===== Data shown =====

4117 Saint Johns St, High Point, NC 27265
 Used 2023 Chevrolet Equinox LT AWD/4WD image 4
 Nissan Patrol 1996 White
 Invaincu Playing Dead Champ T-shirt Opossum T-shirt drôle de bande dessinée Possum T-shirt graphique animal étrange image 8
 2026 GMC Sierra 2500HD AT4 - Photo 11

=====

What is being asked: Each entry above should be output again, precisely as given.

Answer for this exercise:
4117 Saint Johns St, High Point, NC 27265
 Used 2023 Chevrolet Equinox LT AWD/4WD image 4
 Nissan Patrol 1996 White
 Invaincu Playing Dead Champ T-shirt Opossum T-shirt drôle de bande dessinée Possum T-shirt graphique animal étrange image 8
 2026 GMC Sierra 2500HD AT4 - Photo 11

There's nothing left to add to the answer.